Genetic testing for familial hypercholesterolaemia

Abstract

Familial hypercholesterolaemia (FH) is a codominant genetic disorder causing premature atherosclerotic cardiovascular disease (ASCVD). It is common, affecting 1 in 250 individuals worldwide and of the ∼100,000 Australians estimated to have FH, most are undiagnosed and treatment is often suboptimal. Several scoring algorithms based on low-density lipoprotein-cholesterol (LDL-C) levels, physical findings, and elements of personal and family history, help clinicians diagnose FH at varying levels of confidence ranging from possible to definite. Targeted DNA sequencing to identify the underlying pathogenic variant in any of the three FH genes (LDLR, APOB, and PCSK9) has become more accessible, but it is not essential for diagnosis of FH, and is currently not widely used.
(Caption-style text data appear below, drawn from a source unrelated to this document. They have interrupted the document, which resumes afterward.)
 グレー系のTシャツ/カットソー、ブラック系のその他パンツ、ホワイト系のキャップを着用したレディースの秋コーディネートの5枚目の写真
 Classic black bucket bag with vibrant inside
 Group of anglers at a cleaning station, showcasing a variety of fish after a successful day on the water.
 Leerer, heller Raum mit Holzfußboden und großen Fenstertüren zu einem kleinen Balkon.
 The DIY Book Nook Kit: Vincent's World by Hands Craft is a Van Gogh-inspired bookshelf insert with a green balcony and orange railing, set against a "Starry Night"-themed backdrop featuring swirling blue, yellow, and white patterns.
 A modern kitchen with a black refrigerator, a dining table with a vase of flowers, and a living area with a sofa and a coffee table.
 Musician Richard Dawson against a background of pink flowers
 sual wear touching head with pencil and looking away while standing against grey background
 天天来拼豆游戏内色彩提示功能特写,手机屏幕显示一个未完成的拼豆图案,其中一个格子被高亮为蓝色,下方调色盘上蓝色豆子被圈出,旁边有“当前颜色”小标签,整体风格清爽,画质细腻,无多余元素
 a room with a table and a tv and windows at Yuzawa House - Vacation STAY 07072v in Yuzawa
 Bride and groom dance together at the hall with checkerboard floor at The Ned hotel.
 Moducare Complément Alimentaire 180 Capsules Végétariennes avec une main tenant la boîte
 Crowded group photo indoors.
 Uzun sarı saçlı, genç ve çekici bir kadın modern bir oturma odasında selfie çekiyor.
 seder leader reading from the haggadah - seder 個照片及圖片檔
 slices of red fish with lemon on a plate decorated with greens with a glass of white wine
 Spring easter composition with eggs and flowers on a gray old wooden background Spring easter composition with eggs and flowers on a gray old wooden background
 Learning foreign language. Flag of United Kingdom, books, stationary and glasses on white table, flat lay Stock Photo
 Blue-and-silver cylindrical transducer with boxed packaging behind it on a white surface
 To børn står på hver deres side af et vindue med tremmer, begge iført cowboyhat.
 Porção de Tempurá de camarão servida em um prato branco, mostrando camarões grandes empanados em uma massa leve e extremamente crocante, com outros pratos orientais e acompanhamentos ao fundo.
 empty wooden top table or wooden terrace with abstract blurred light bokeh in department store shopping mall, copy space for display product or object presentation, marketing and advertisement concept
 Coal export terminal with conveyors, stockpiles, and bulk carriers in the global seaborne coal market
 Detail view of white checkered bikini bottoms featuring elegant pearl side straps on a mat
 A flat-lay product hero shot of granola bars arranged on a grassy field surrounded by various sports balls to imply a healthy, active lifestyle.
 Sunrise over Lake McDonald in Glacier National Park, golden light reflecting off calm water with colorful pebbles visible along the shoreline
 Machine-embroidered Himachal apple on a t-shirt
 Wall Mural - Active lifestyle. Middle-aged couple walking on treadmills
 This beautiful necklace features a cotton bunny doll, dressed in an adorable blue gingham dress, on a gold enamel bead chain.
However, identification of a pathogenic variant is considered the ‘gold standard’ for FH diagnosis. Expanded FH panels can identify pathogenic variants in other hypercholesterolaemia genes, such as APOE, LIPA, and ABCG5/8. FH cascade screening is recommended to identify affected family members, and the benefits of early intervention to lower LDL-C and reduce the associated ASCVD burden are clear. National registries can also play a key role in identifying patients with FH. FH genetic testing should be incorporated as standard of care for patients and their relatives with suspected FH.